The server is kept very simple and remains the same in both settings. We are using FedAvg on the server-side with the parameters `min_fit_clients`, `min_eval_clients`, and `min_available_clients`. All are set to the value `5` since we have five clients to be trained and evaluated in each FL round. All in all, the *FedBN* paper runs 600 FL rounds that can be implemented as follows.     

```python
import flwr as fl

if __name__ == "__main__":
    strategy = fl.server.strategy.FedAvg(
        min_fit_clients=5,
        min_eval_clients=5,
        min_available_clients=5,
    )
    fl.server.start_server(server_address="[::]:8080", config={"num_rounds": 100}, strategy=strategy)

```

### Client

The client is a little more complex. However, it can be separated into different parts. The main parts are:

* `load_partition()`
    * load the right dataset
* `train()`
    * perfom the local training
* `test()`
    * evaluate the training results
* `FlowerClient(fl.client.NumPyClient)`
    * start the Flower client
* `main()`
    * start all previous process in a main() file

The `load_partition()` function loads the datasets saved in the `/data` dierctory.

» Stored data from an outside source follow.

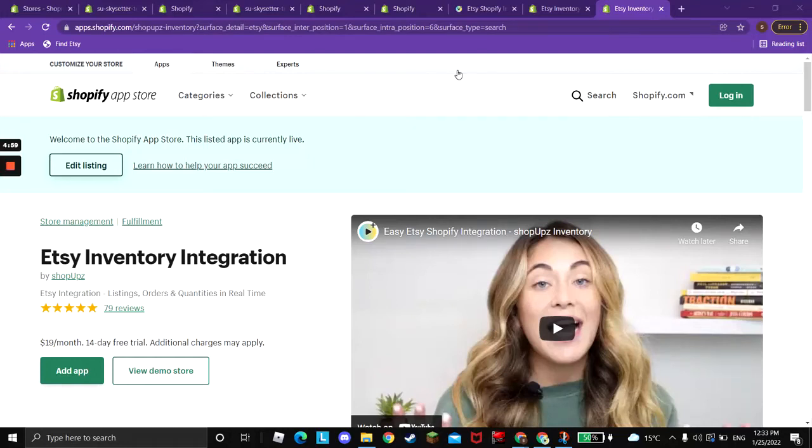Hi everyone, this is Shirley from ShopApps. In today's tutorial, I'm going to walk you through ShopApps capability of order sync.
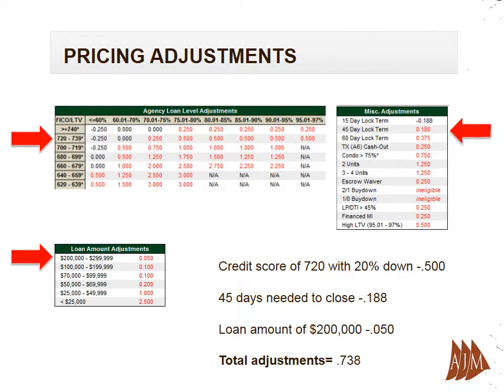There are pricing adjustments to almost every loan based on, but not limited to, the credit score, locked term — the time in which you need the interest rate locked to close on the loan — and loan amount. Rate quotes displayed in advertising can be misleading because they typically do not take into consideration any adjustments.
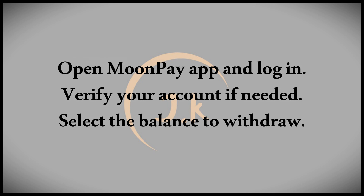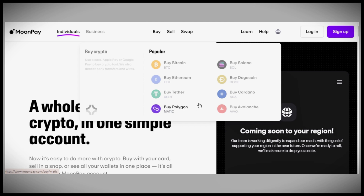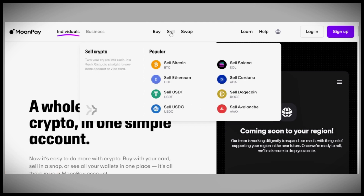If you have a balance in the Bitcoin section, click on it to view your details. You'll have the options to buy, swap, or send your funds. To withdraw to your bank account, select the send option.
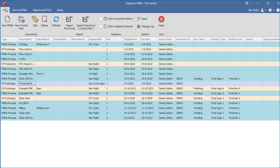In this video, we will explain some of the basics of creating or editing an FMEA in the Datalyzer FMEA software.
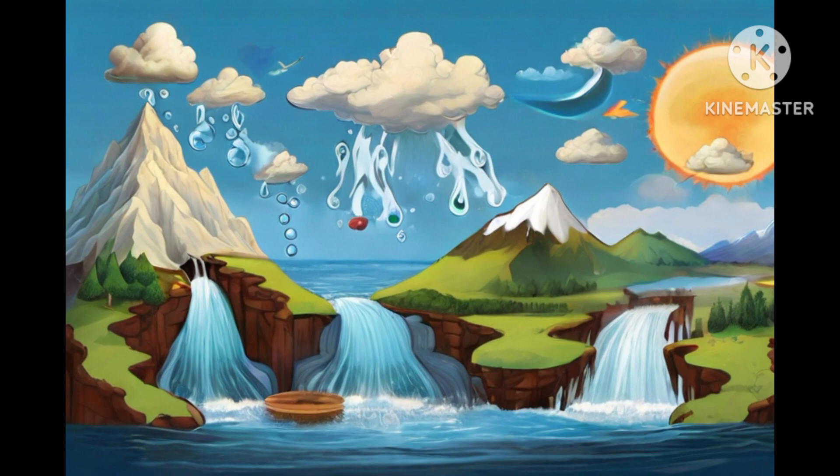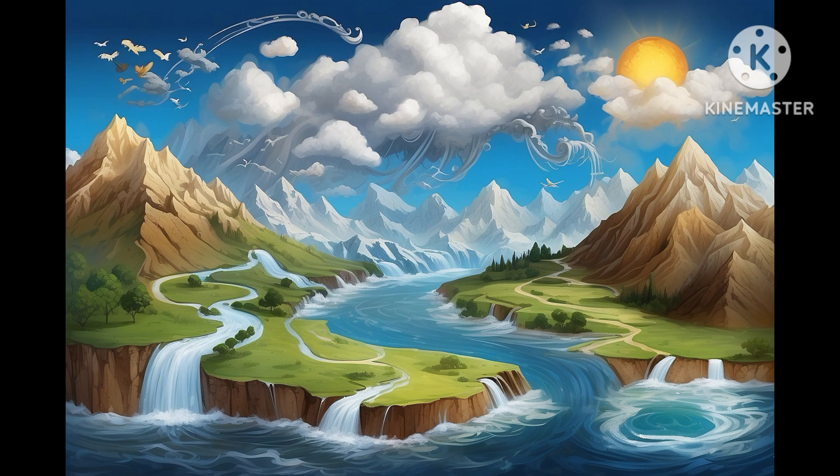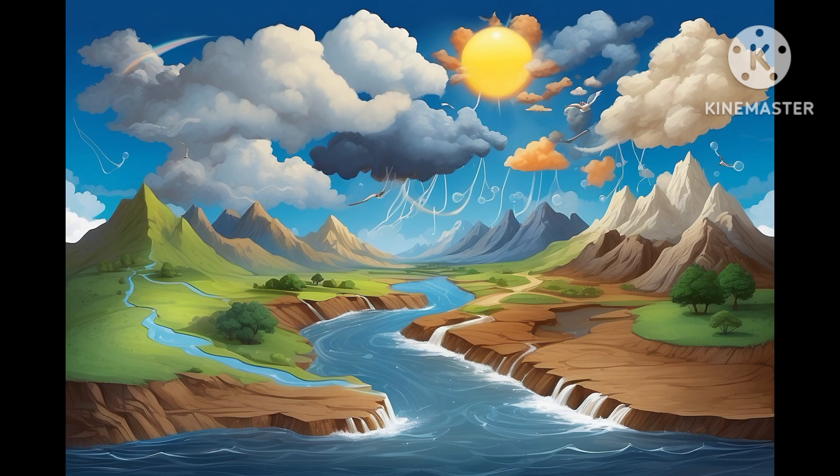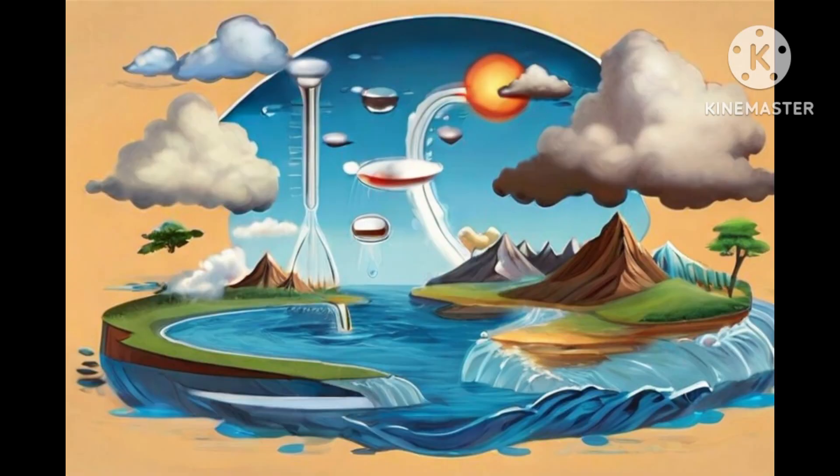The water cycle continues: as the rain or snow falls onto the earth's surface, it fills lakes, rivers, and oceans. Some of it also seeps deep into the soil, recharging groundwater reserves. Eventually the sun's heat causes more water to evaporate, restarting the cycle once again.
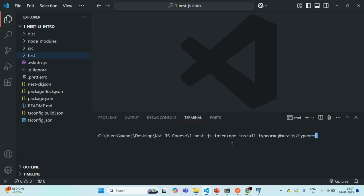The @nestjs/typeorm package is basically the NestJS binding for TypeORM. It enables you to export certain methods which allow you to connect your NestJS application with TypeORM. Finally, we also need the PostgreSQL driver, which is PG. Based on the database that you are using, TypeORM requires you to install a specific database driver. Since we are using PostgreSQL, we need to install the PG driver.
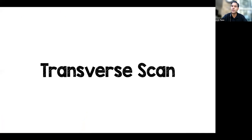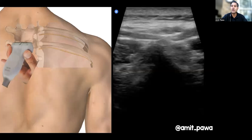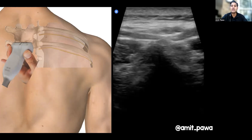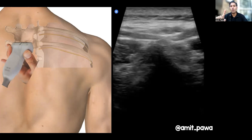What about the transverse scan? Here I've got the probe starting from the midline, scanning over the spinous process — that spinous process will be from the space above because of the way the spinous process slants down. We're going to start from the midline and scan laterally, aiming to keep the spinous process, the vertebral body, the transverse process, and the long axis of the rib all in one line to start off with.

You can directly see that the training and evaluation process is defined within the client. We are using PyTorch to train and evaluate the model with the parameters described in the section [Training Setup](#training-setup). 

The Flower client `FlowerClient(fl.client.NumPyClient)` implements the usual methods:

* get_paramaters()
* set_parameters()
* fit()
* evaluate()

Let us take a closer look at `set_parameters()` in order to understand the difference between FedAvg and FedBN:

```python 
def set_parameters(self, parameters: List[np.ndarray])-> None:
    self.model.train()
    if self.mode == 'fedbn':
        keys = [k for k in self.model.state_dict().keys() if "bn" not in k]
        params_dict = zip(keys, parameters)
        state_dict = OrderedDict({k: torch.tensor(v) for k, v in params_dict})
        self.model.load_state_dict(state_dict, strict=False)
    else:
        params_dict = zip(self.model.state_dict().keys(), parameters)
        state_dict = OrderedDict({k: torch.tensor(v) for k, v in params_dict})
        self.model.load_state_dict(state_dict, strict=True)
```

You can see that the clients update all layers of the PyTorch model with the values received from the server when using the plain FedAvg strategy (including batch norm layers). However, in the case of FedBN, the parameters for the batch norm layers (`bn`) are excluded.